BEGIN INFORMATION SHOWN

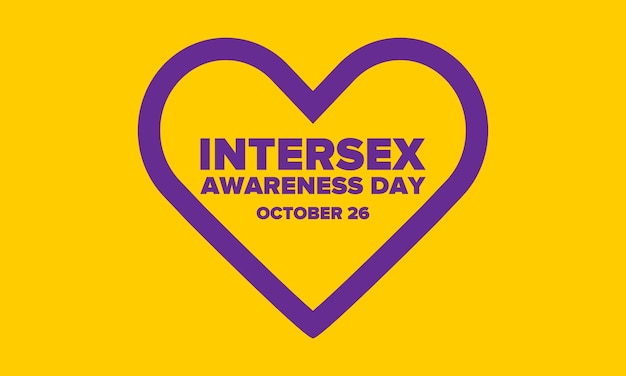 Intersex Awareness Day Human Rights event Intersex people community Freedom solidarity Vector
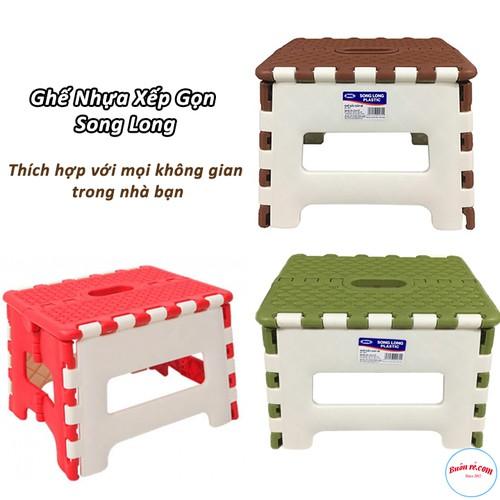 Ghế nhựa xếp SONG LONG đẩu bé chắc chắn siêu tiện lợi – Buôn rẻ 00639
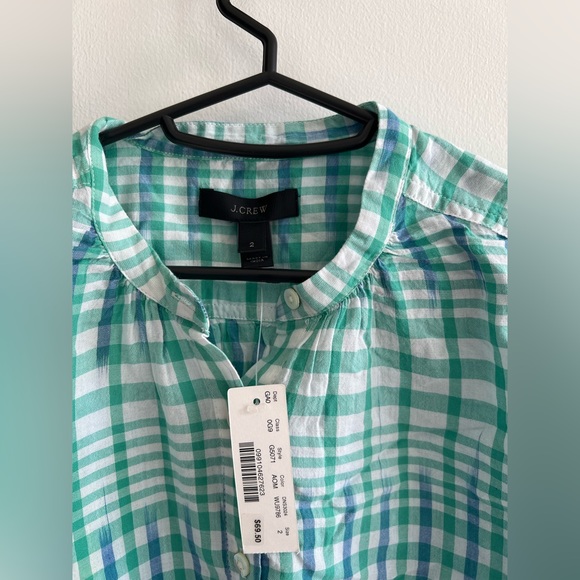 NWT J.Crew Popover Shirt - Size 2 - Picture 2 of 3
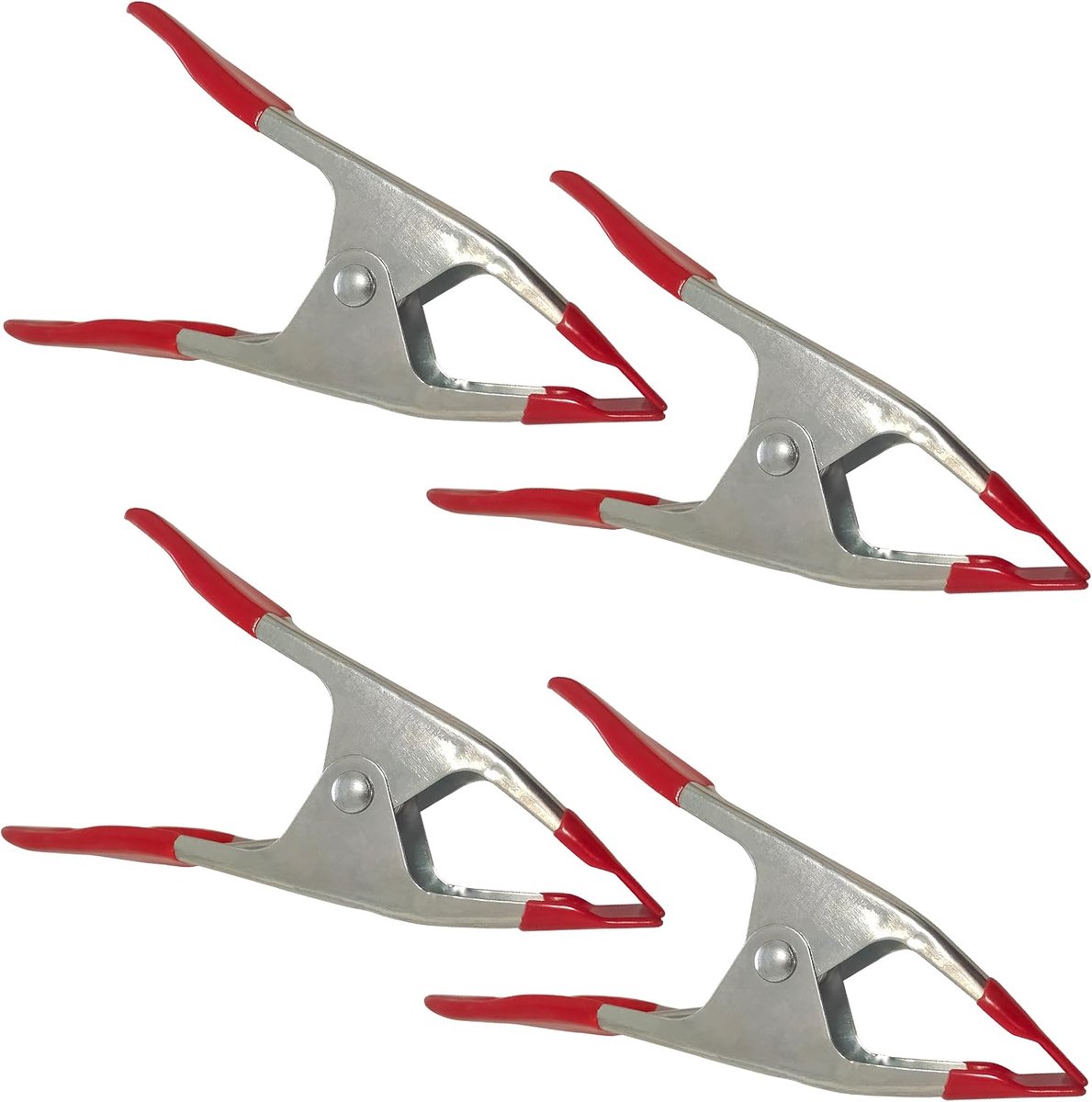 Veerklemmen 4 stuks Gegummieerd A-vormige clip Goede grip Voor de bevestiging van houten planken Malleinwand Regendoek Marktstanden Achtergrondplaat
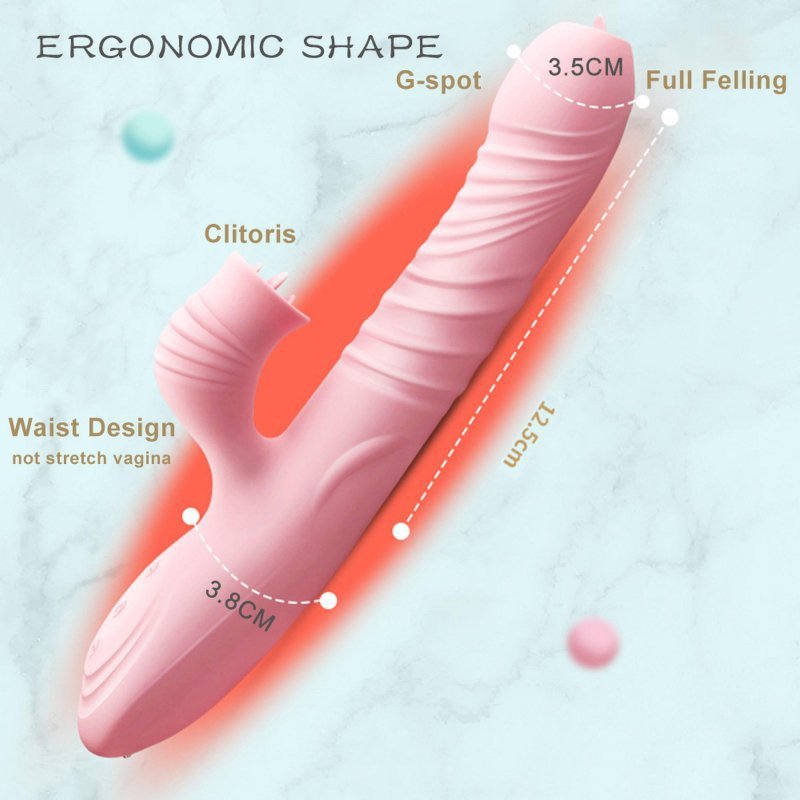 Potężny wibrator liżący cipkę różowy Fanny usb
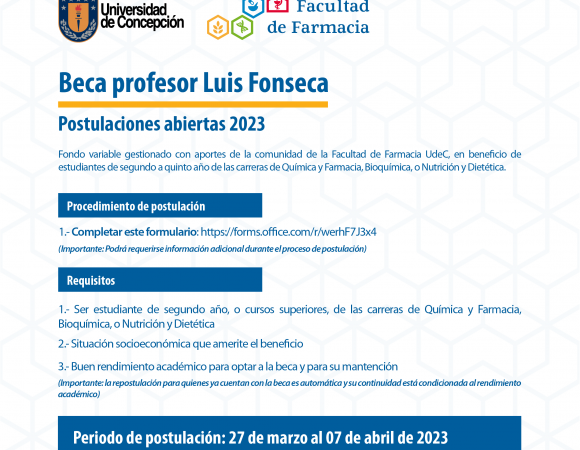 Beca profesor Luis Fonseca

END INFORMATION SHOWN

▸ **AIM OF THE TASK**
Leaving each image aside, repeat the listing above exactly.

▸ **YOUR RESPONSE**
 Intersex Awareness Day Human Rights event Intersex people community Freedom solidarity Vector
 Ghế nhựa xếp SONG LONG đẩu bé chắc chắn siêu tiện lợi – Buôn rẻ 00639
 NWT J.Crew Popover Shirt - Size 2 - Picture 2 of 3
 Veerklemmen 4 stuks Gegummieerd A-vormige clip Goede grip Voor de bevestiging van houten planken Malleinwand Regendoek Marktstanden Achtergrondplaat
 Potężny wibrator liżący cipkę różowy Fanny usb
 Beca profesor Luis Fonseca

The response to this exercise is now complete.